Warm Prosciutto-Stuffed Focaccia - PCOS-Friendly Recipe
This Warm Prosciutto-Stuffed Focaccia is a PCOS-friendly recipe.
Nutrition per Serving
Ingredients
- 1 (9-ounce) round loaf focaccia bread
- 3 ounces thinly sliced prosciutto*
- 4 ounces thinly sliced Muenster cheese
- 1 (6-ounce) package fresh baby spinach
- 1/4 cup bottled roasted red bell peppers, drained
- 2 tablespoons light balsamic vinaigrette
Instructions
- Cut bread in half horizontally, using a serrated knife. Top bottom bread half with prosciutto and next 3 ingredients. Drizzle with balsamic vinaigrette; cover with top bread half. Wrap in aluminum foil; place on a baking sheet.
- Bake at 350 ° for 15 minutes or until warm. Cut focaccia into six wedges. Serve immediately.
- *6 ounces of ham may be substituted for prosciutto for approximately the same amount of calories.
PCOS-Friendly Foods in This Recipe
This recipe contains the following foods that may benefit PCOS management: Spinach.

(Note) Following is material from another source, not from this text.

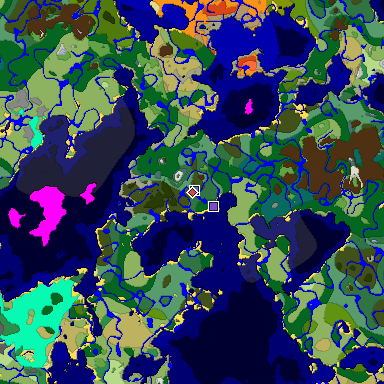 Predicted biome map of Java 1.18 seed 220538958737525000 around estimated spawn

Spinach is a nutrient-dense leafy green vegetable that is rich in vitamins A, C, and K, as well as iron, magnesium, and antioxidants. The high iron content in spinach helps combat anemia, which is common in women with PCOS. Magnesium helps reduce inflammation and improve insulin sensitivity. The antioxidants in spinach can help lower oxidative stress, which is beneficial for managing PCOS symptoms. Including spinach in your diet can support overall health and well-being.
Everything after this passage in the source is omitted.